O prefeito Jonas Donizette (PSB) informou nesta segunda-feira (13) que conseguiu cortar R$ 20 milhões nas despesas da Prefeitura de Campinas, em maio, e que espera poder manter essa redução mensal até o fim do ano, com chances de fechar 2016 com um corte superior à meta de R$ 100 milhões projetados inicialmente.

Os cortes, conforme o secretário de Administração, Sílvio Bernardin, vieram com as reduções de horas extras e nos contratos de veículos e máquinas, especialmente.

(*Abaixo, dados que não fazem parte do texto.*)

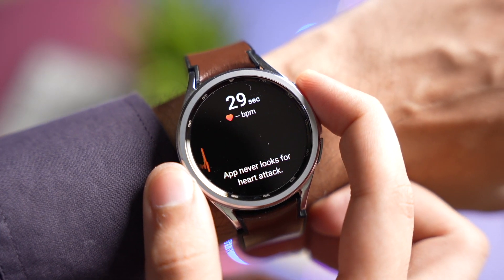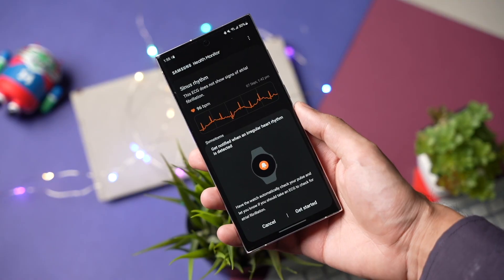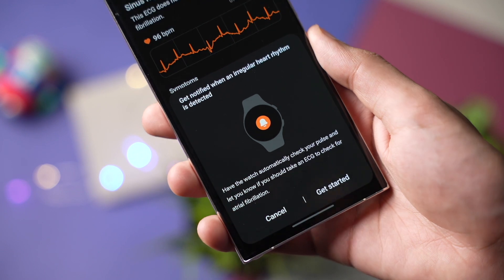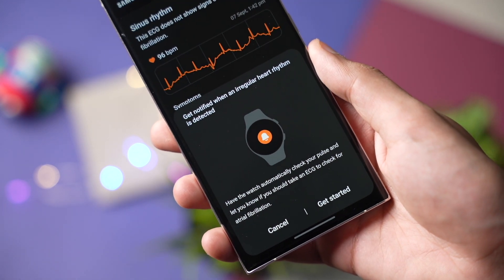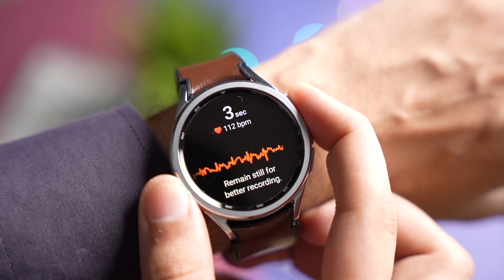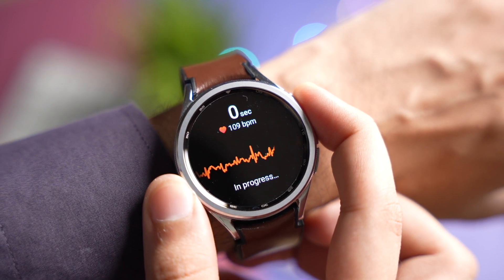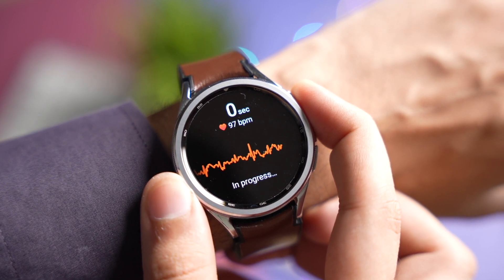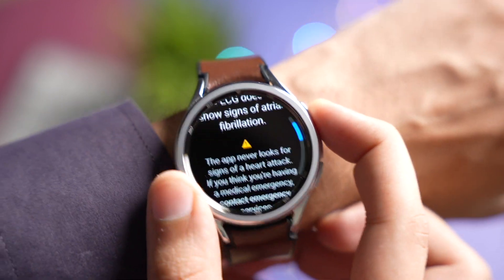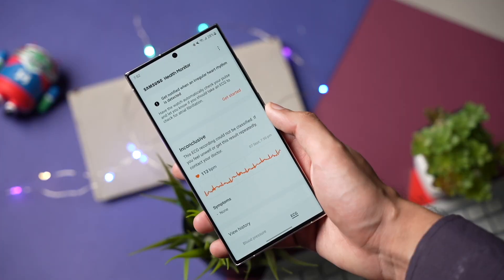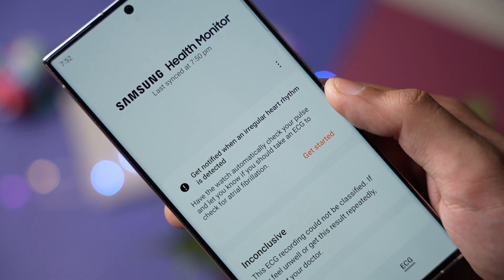Hi everyone, welcome back. In this video I'll tell you how to enable irregular heart rhythm notifications on your Galaxy Watch. This is a system recently announced by Samsung with One UI 5. It's available out of the box on Galaxy Watch 6 in supported countries, but Galaxy Watch 5 and 4 will be getting it too with the One UI 5 update.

Segundo Jonas, um conjunto de ações foi adotado para poder equilibrar o Orçamento, diante das incertezas na economia nacional e a perspectiva de que a crise deverá atravessar o ano com queda nas receitas. Mas, mesmo assim, afirmou, a situação é preocupante.

Desde o início do ano, a Administração trabalha com um orçamento contingenciado em 20%, o equivalente a R$ 700 milhões. O contingenciamento, na realidade, significa postergar decisões de gastos, deixando para mais tarde compras de mercadorias e serviços que podem esperar.

Geralmente, disse Bernardin, a Prefeitura inicia o ano com contingenciamento e depois vai liberando, na medida em que os recursos vão entrando e, assim, as despesas vão sendo autorizadas. “A situação deste ano já mostra que teremos um 2016 muito ruim e a intenção é manter essa restrição de autorização de despesas até o fim do ano”, disse.

Apesar de a receita com o Imposto sobre Circulação de Mercadorias e Serviços (ICMS) ter crescido em maio, não significa que o aumento de 23,4% sobre abril seja uma tendência neste ano. Será preciso esperar os próximos meses para avaliar se está havendo uma retomada na economia — o ICMS é o principal termômetro do vigor econômico do País.
O crescimento de 23,4% não foi suficiente para gerar um ganho real no acumulado do ano. Os valores repassados pelo Estado à Prefeitura de Campinas nos primeiros cinco meses do ano tiveram crescimento nominal de 4,36% na comparação com 2015, mas perdem para a inflação do período, de 9,28%, o que remete a uma perda real de 4,5% no acumulado de janeiro a maio.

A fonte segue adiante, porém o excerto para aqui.